:: WHAT THE TASK REQUIRES ::
Leave out the pictures and repeat exactly the lines from the one containing "Experimental urine recovery" through the final line of the listing below.
────────────────────
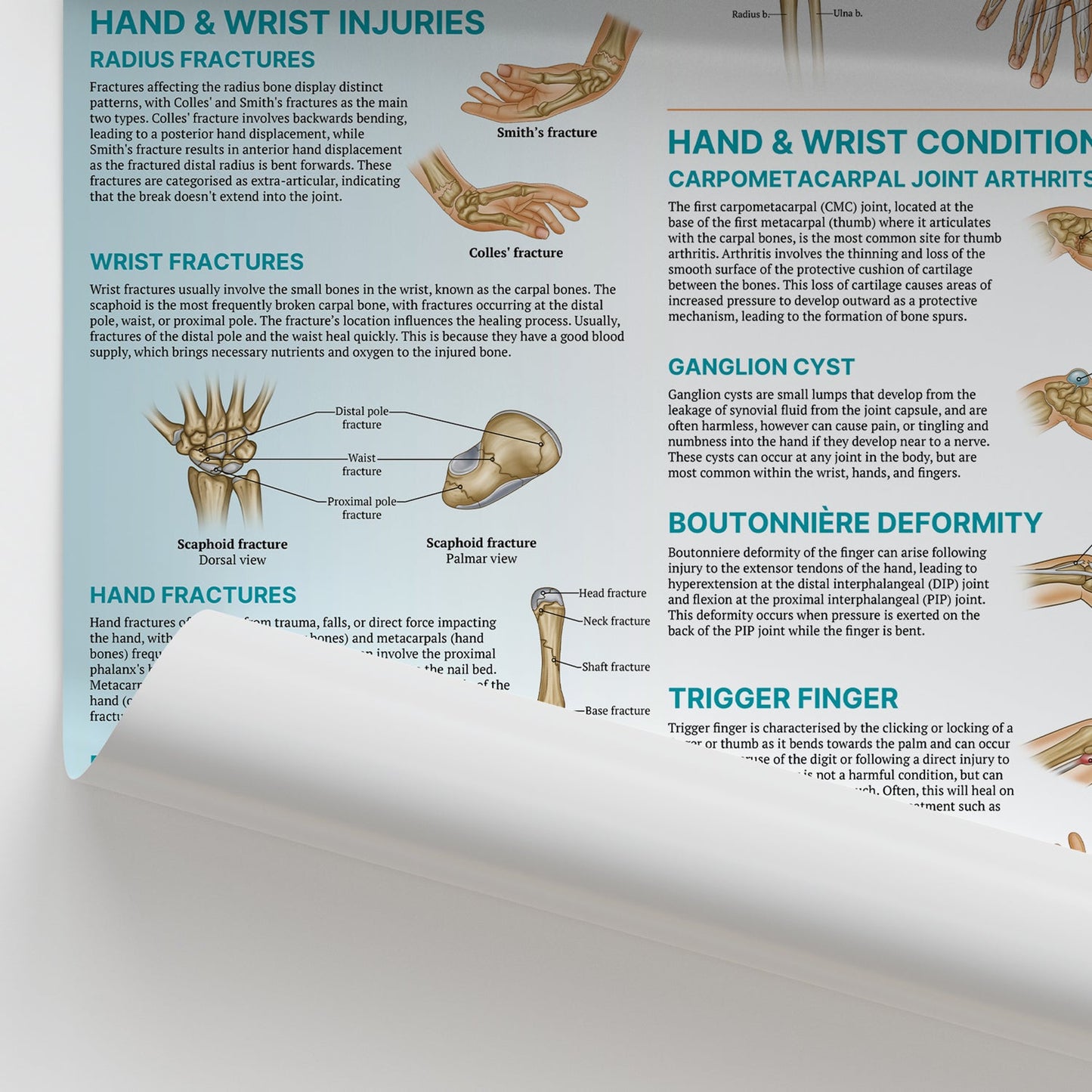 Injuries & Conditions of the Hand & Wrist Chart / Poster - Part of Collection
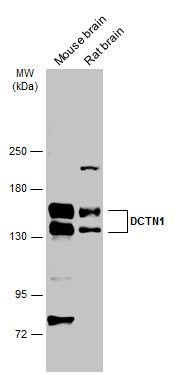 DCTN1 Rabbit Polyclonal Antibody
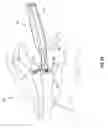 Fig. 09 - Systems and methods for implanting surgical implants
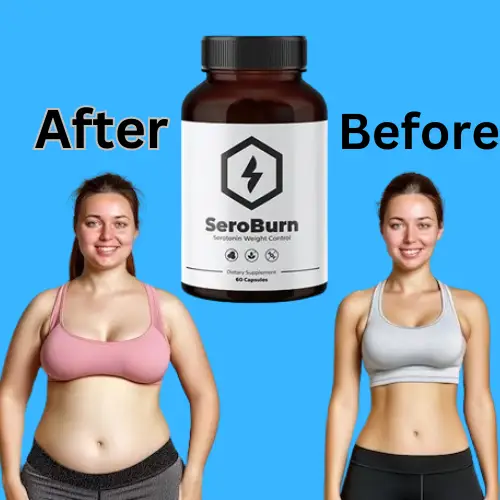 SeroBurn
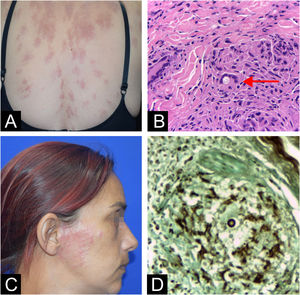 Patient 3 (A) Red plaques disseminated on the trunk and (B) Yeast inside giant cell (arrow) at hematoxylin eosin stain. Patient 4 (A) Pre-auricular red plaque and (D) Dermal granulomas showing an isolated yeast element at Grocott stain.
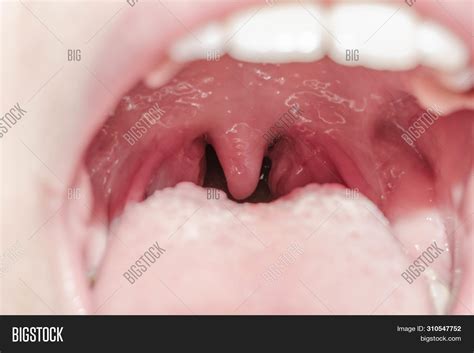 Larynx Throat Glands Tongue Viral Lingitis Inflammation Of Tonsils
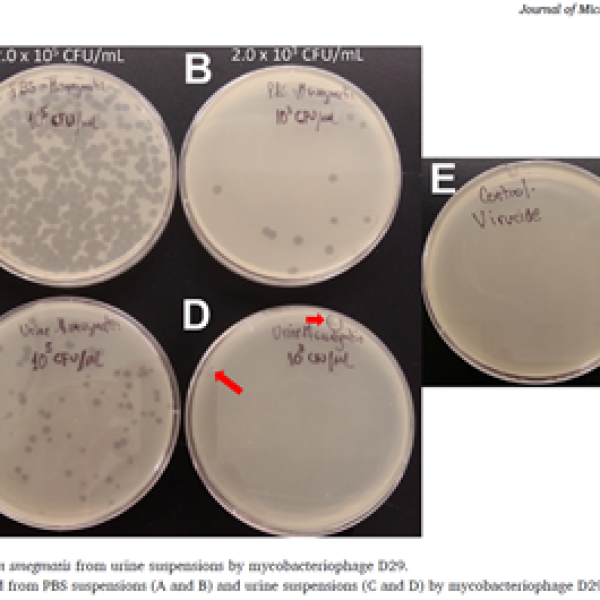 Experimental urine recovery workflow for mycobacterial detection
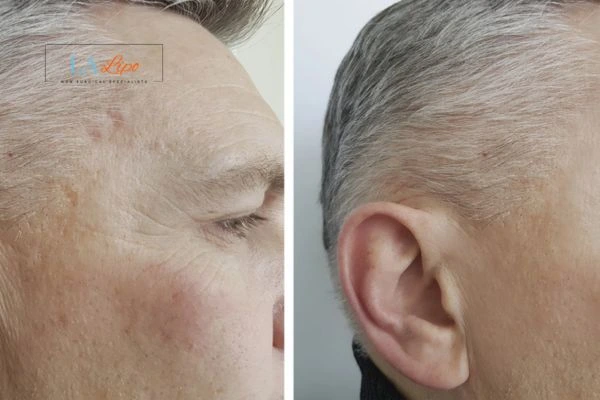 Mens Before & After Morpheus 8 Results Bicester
────────────────────
:: WRITTEN RESPONSE ::
 Experimental urine recovery workflow for mycobacterial detection
 Mens Before & After Morpheus 8 Results Bicester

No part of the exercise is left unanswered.